Polylogarithm Models for Heavy-Tailed Counts: Approximate Bayesian Inference and Application to Ecological Networks
Luiza Piancastelli, University College Dublin.
16th of October 2025
Abstract:
Ecological surveys often generate count data to assess biodiversity and ecosystem dynamics, capturing species abundances or behavioural interactions. In this study, we analyse flower–invertebrate interactions in the Brazilian Atlantic that span four plant orders and 28 invertebrate orders. Our main objectives are to model the distribution of interaction frequencies within the resulting network and to cluster flower–invertebrate interactions. These tasks are complicated by the heavy-tailed nature of the data, which is a key modelling challenge we address. To this end, we provide a complete toolkit for sampling and fitting the Polylogarithm distribution, a discrete distribution capable of capturing heavy-tailed behaviour.
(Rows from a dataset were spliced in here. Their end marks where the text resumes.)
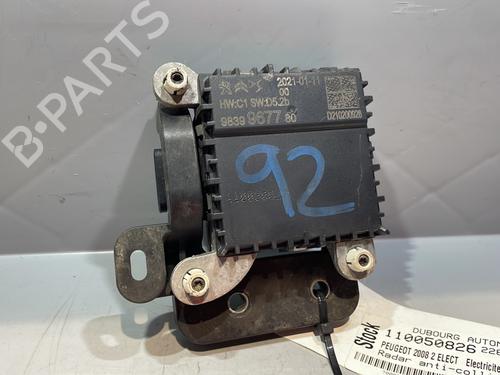 Used Electronic module Electronic module PEUGEOT 2008 II (UD_, US_, UY_, UJ_, UR_, UC_) e-2008 (UKZKXZ) (136 hp) 28823940 28823940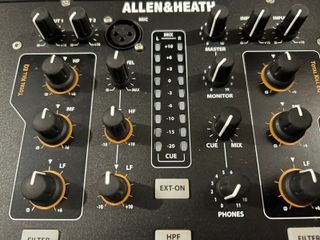 Mesa DJ Allen & Heath XONE 23C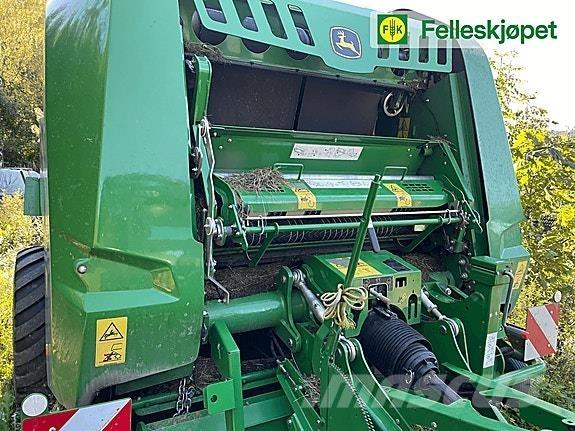 John Deere V451r ラウンドベーラー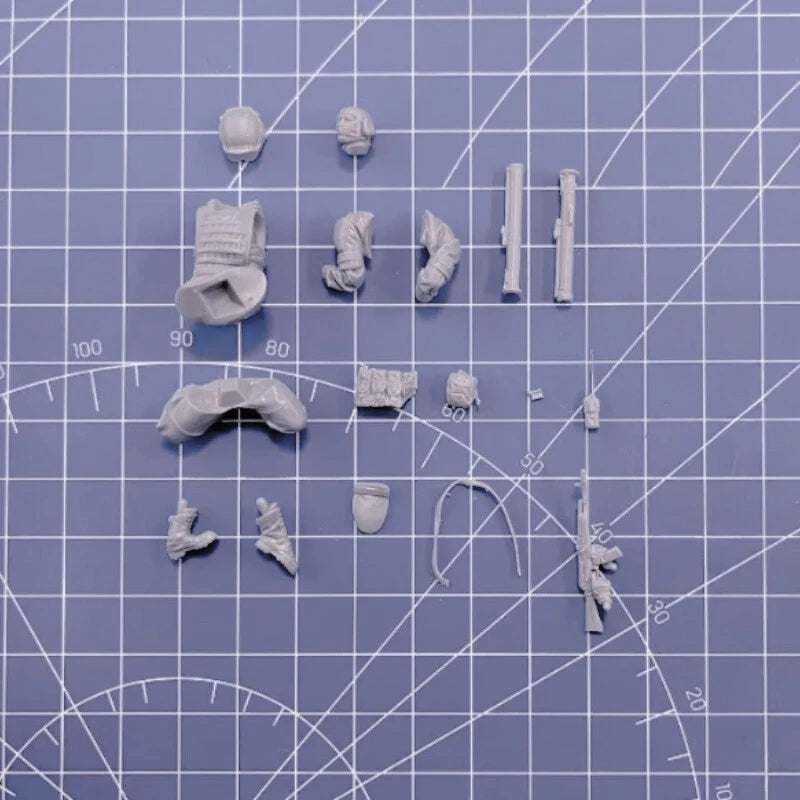 1/35 Resin Figure Model Kit Russian Modern Infantry Unassembled Unpainted 07FC0E-D4 - KOEEK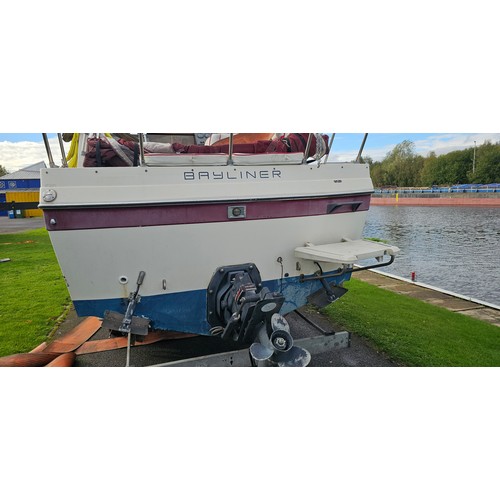 471 - Bayliner Ciera 2655 cruiser, c.1985. Hull ID BL2B87SJA585. Four berth weekend cruiser. With inboard ... 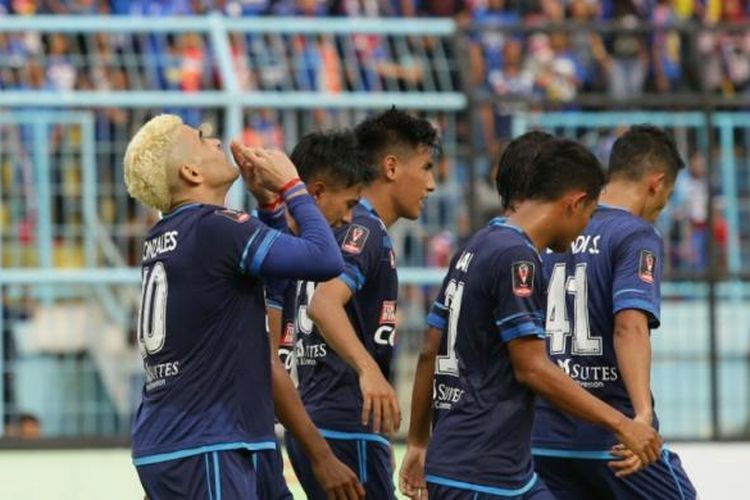 Penyerang Arema FC, Cristian Gonzales, merayakan golnya dalam pertandingan terakhir penyisihan Grup B Piala Presiden 2017 melawan PS TNI, di Stadion Kanjuruhan, Malang, Kamis (16/2/2017).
We show that the Polylogarithm distribution, in some sense, unifies several well-known discrete heavy-tailed distributions, but this comes at the cost of an intractable probability mass function. The challenging task of generating exact draws from the distribution is addressed through the design of a rejection sampler, which overcomes the unavailable terms. This sampler then serves as the basis for constructing a Bayesian inferential framework via Approximate Bayesian Computation (ABC). Finally, a finite mixture generalisation of the Polylogarithm distribution is explored as a means to reveal ecological interaction patterns.